ʿOTBI

 

ʿOTBI, the family name of two viziers of the Samanids of Transoxiana and Khorasan.

1. Abu Jaʿfar b. Moḥammad b. al-Ḥosayn (thus in Gardizi; the sources are, however, uncertain about his names and nasab), vizier in the first place to the Amir ʿAbd-al-Malek b. Nuḥ (I) from 344/956 to 348/959. After a military coup, he was appointed vizier in succession to Abu Manṣur Moḥammad b. ʿOzayr (Gardizi, p. 41; Barthold, p. 250). He is praised by Kermāni (p. 36), repeated in ʿAqili (p. 147) for replenishing the state treasury to an unprecedented high level; but his money-raising policies aroused discontent and he was deprived of office after two years in favor of Abu Yusof b. Esḥāq (Gardizi, loc. cit.; Barthold, loc. cit.). However, he returned to office a few years later, sharing the vizierate for the Amir Manṣur (I) b. Nuḥ (I) with Abu ʿAli Moḥammad Balʿami, till 363/974; Gardizi (p. 47) states that he corresponded and negotiated with the great Buyid statesman Abu’l-Fatḥ Ebn al-ʿAmid (q.v.), bringing peace to Khorasan and doing laudable things in that province.

2. Abu’l-Ḥosayn ʿAbd-Allāh b. Aḥmad, vizier to the Amir Nuḥ (II) b. Manṣur (I) from 367/977 to 372/982. He was appointed in Rabiʿ II 367/November-December 977 in succession to Abu ʿAbdallāh Aḥmad Jayhāni, the deceased Amir Manṣur’s last vizier, in face of opposition from Abu’l-Ḥasan Moḥammad b. Ebrāhim Simjuri, who considered Abu’l-Ḥosayn too young (ʿOtbi, p. 38; Gardizi, pp. 48-9; Barthold, p. 251). At the outset, he and Nuḥ’s mother in effect ruled the state as regents for the thirteen-year old Amir. ʿOtbi endeavored to reduce the power in the state of over-mighty Turkish military commanders, above all, of Abu’l-Ḥasan Simjuri. Latterly, he worked with the commander-in chief of the army, Tāš, who had been one of his father’s ḡolāms (ʿOtbi, pp. 42-3; Gardizi, pp. 49-50).
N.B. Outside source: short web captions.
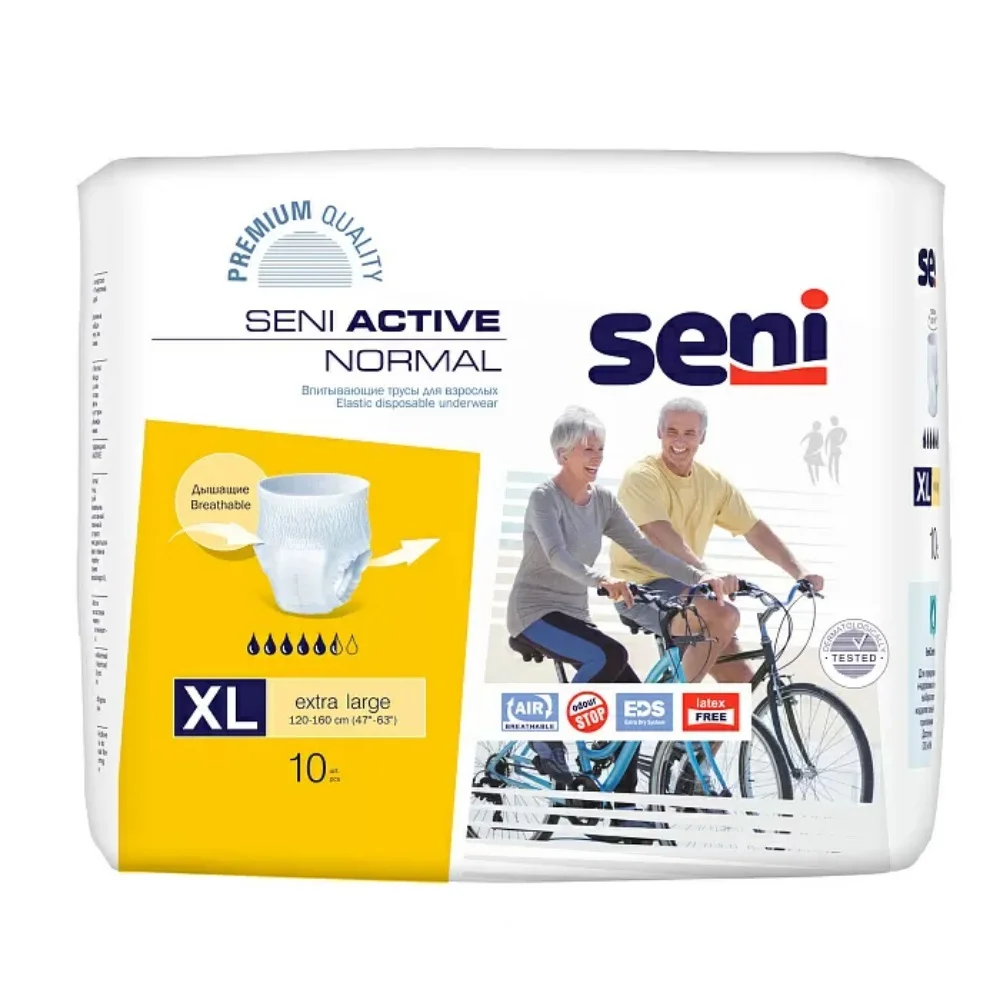 Трусики впитывающие Seni Active Normal extra large №10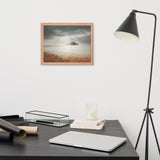 Abandoned West Pier Framed Wall Art Prints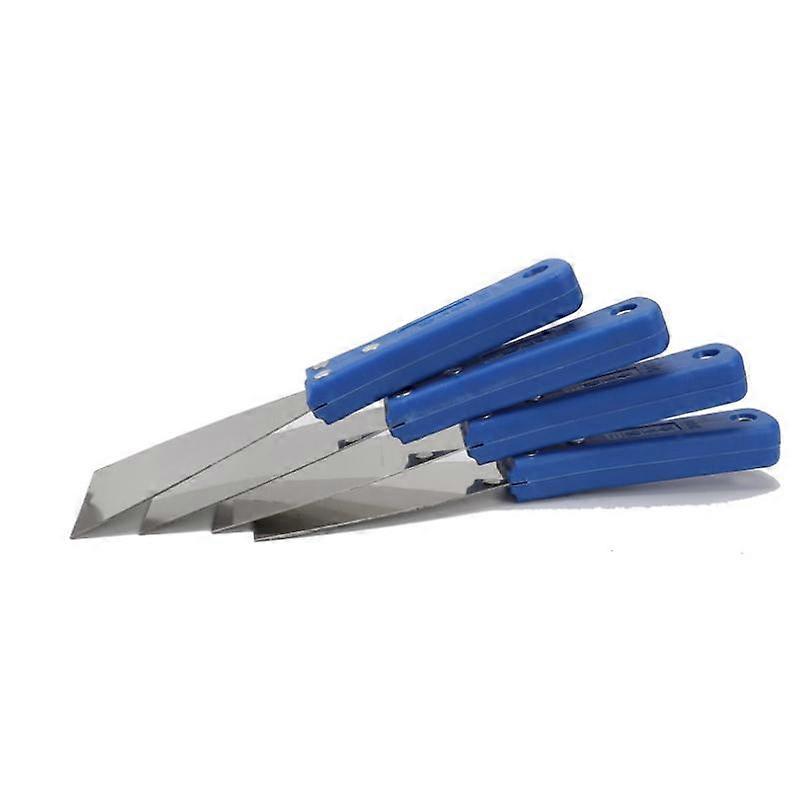 Decoration tools, trowels with plastic handles, rust-proof and easy to clean (D)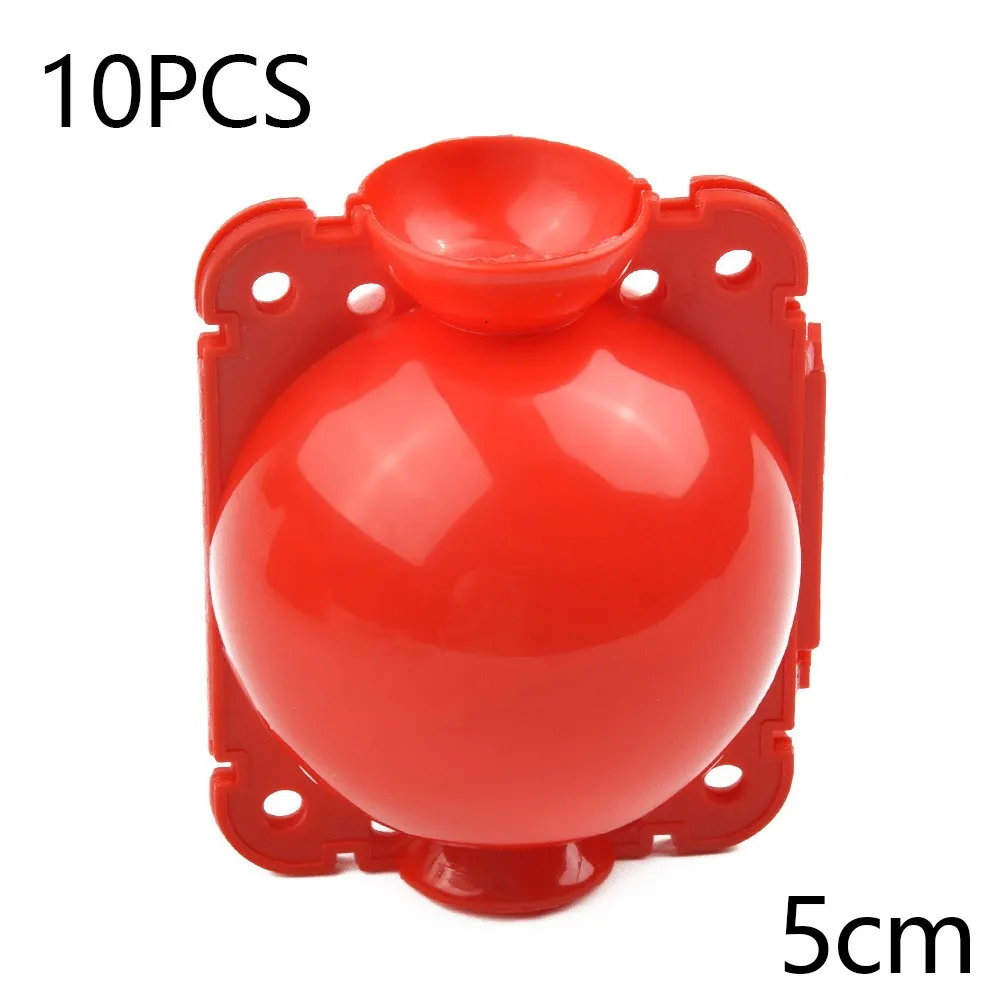 

Ball Grafting Box Box 5/8/12cm Device Grafting Growing High Pressure Plant Plastic Propagation Red Rooting 10pcs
He was in 372/982 about to join an army at Marv to repel an invasion by the Buyids when he was murdered by agents of the commanders Fāʾeq Ḵāṣṣa (q.v.) and Abu’l-Ḥasan Simjuri; his death was much mourned by the poets, and his kinsman the historian Abu Naṣr Moḥammad b. ʿAbd-al-Jabbār ʿOtbi (q.v.) rightly considered him the last effectual vizier of the Samanids (ʿOtbi, pp. 61-5; Gardizi, pp. 50-1; Barthold, p. 252).

 

Bibliography:

Sources. Gardizi, Zayn al-aḵbār, ed. M. Nazim, Berlin, 1928.

Nāṣer-al-Din Kermāni, Nasāʾem al-asḥar, ed. Jalāl-al-Din Ormavi Moḥaddeṯ, Tehran, 1959.

ʿOtbi, al-Ketāb al-Yamini, ed. Eḥsān Ḏonun al-Ṯāmeri, Beirut, 2004.

Sayf-al-Din ʿAqili, Āṯār al-wozarāʾ, ed. Jalāl-al-Din Ormavi Moḥaddeṯ, Tehran, 1959.

Studies. Barthold, Turkestan3. Bosworth, "al-ʿUtbī,” EI2 X, p. 945.